川崎重工は離着岸操船の自動化テストに成功しました。

入船から出船まですべてが自動に

 川崎重工は2025年5月20日、川崎汽船や川崎近海汽船と3社で研究・開発中の「安全離着岸支援システム」を用いた離着岸操船の自動化実証に成功した発表しました。

Large 20250526 01

拡大画像

実証に使用した船舶(画像:川崎重工)。

 自動化に使われるのは、風の影響を考慮して進路と速度、や停船位置の予測などといった高精度な情報を提供する「操船支援情報表示装置」と、時々刻々と変化する気象や海象の予測情報などを基に、影響が出そうな速度や体勢を自動で最適化し制御する「操船支援制御装置」です。

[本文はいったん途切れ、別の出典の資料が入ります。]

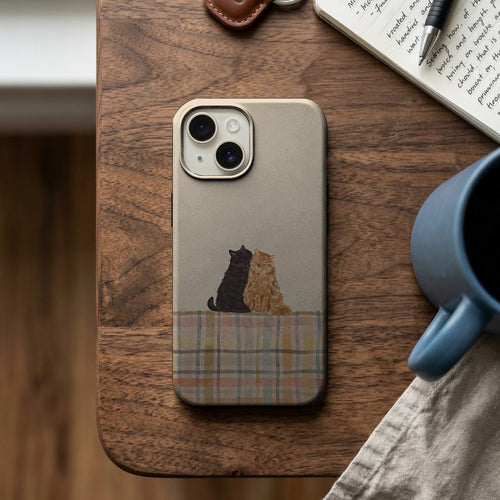 Ekose Zeminde İki Kedi Telefon Kılıfı K815 mockup 2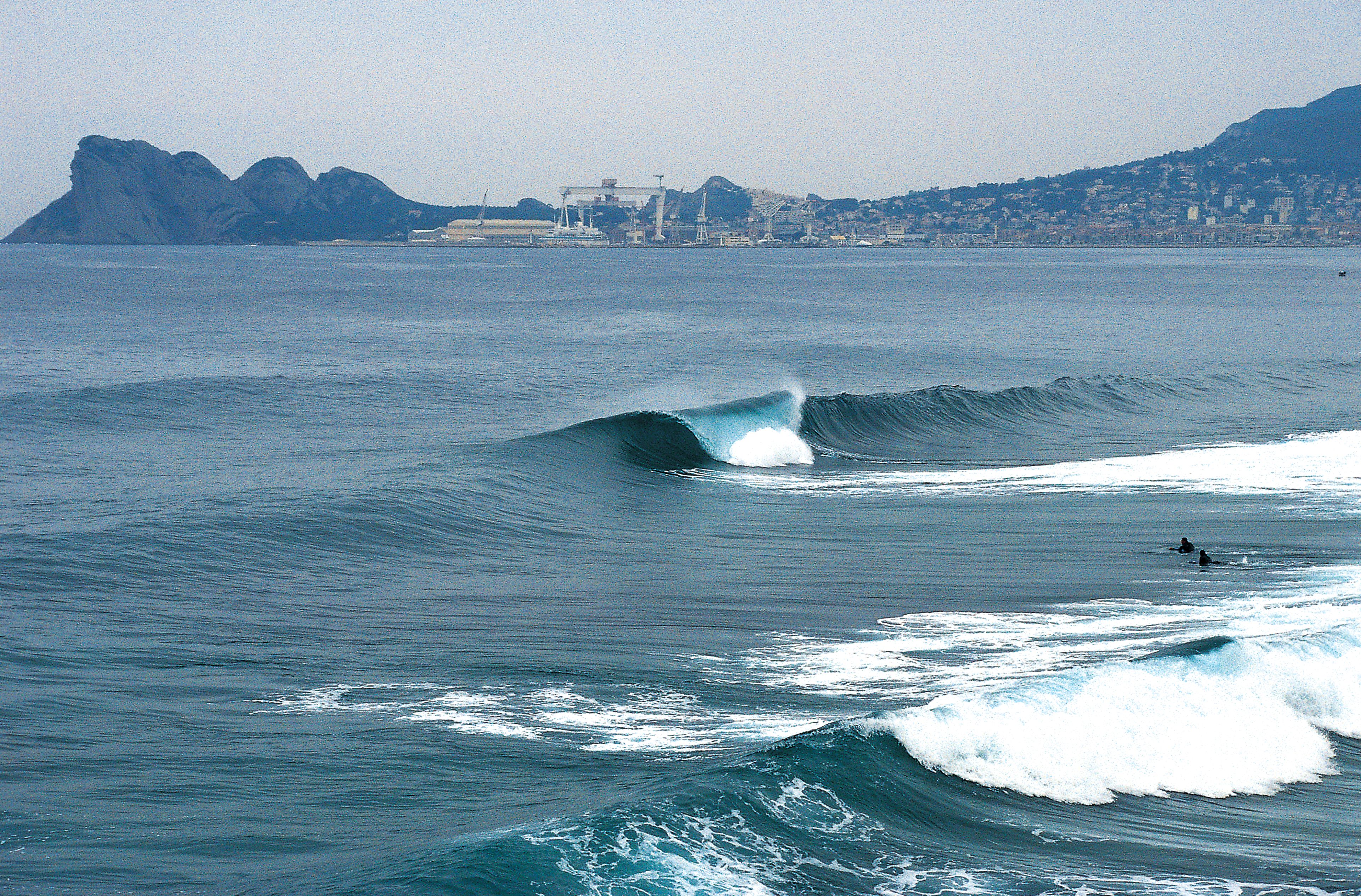 Surfing in Mediterranean France, France – Surf Guide \u0026 Local Tips |  Stormrider Surf Guides, image size:1920x1080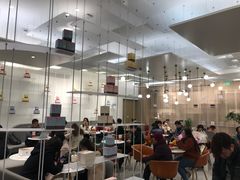 大堂-奈雪的茶(市百一店)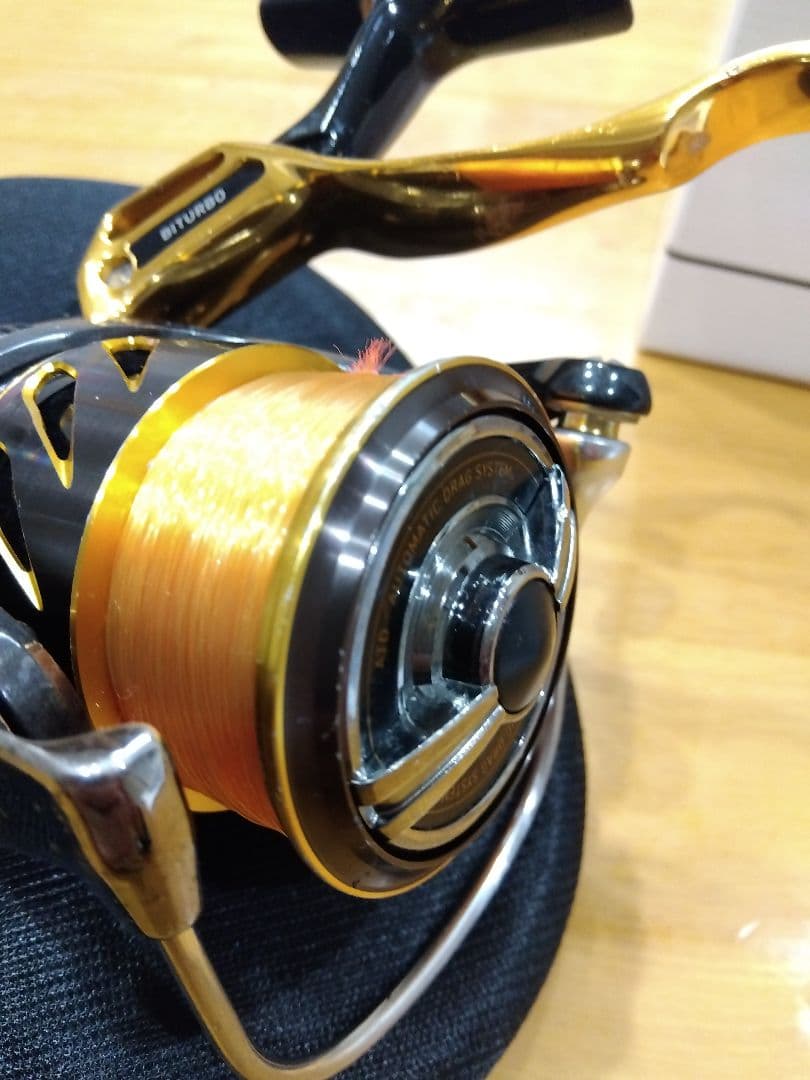 ダイワ　19ラグザス 2500LBD　LAXUS レバーブレーキリール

 AIをはじめとした最新技術を用いて、操船や係船技術をアシストするこのシステムによって、事前に設定したルートの航行だけでなく、入船や出船といった離着岸まで自動で行うことが可能になりました。

これを実現するためには、推進機と係船機を同時に連携制御し、「港内操船」「離着岸操船」「係船作業」「係船管理」といった4つの作業に対応する必要がありますが、これらすべてを支援するシステムは世界初だといいます。

 風など気象の乱れや航行の妨げがある条件下で操船などを行うのは難易度が高く、だからこそ港湾内での離着岸作業は熟練の船乗りが担っていましたが、「安全離着岸支援システム」によってこれらは経験の浅い乗員でも実施できるようになるため、操船や係船の作業効率と安全性が大幅に向上するとしています。

 船種を問わず導入可能なこのシステムは、日本海事協会の基本設計承認(AiP)認証を申請中とのこと。また川崎重工は、この実証実験の成功を受け「安全離着岸支援システム」の受注活動を開始したことも併せて発表しています。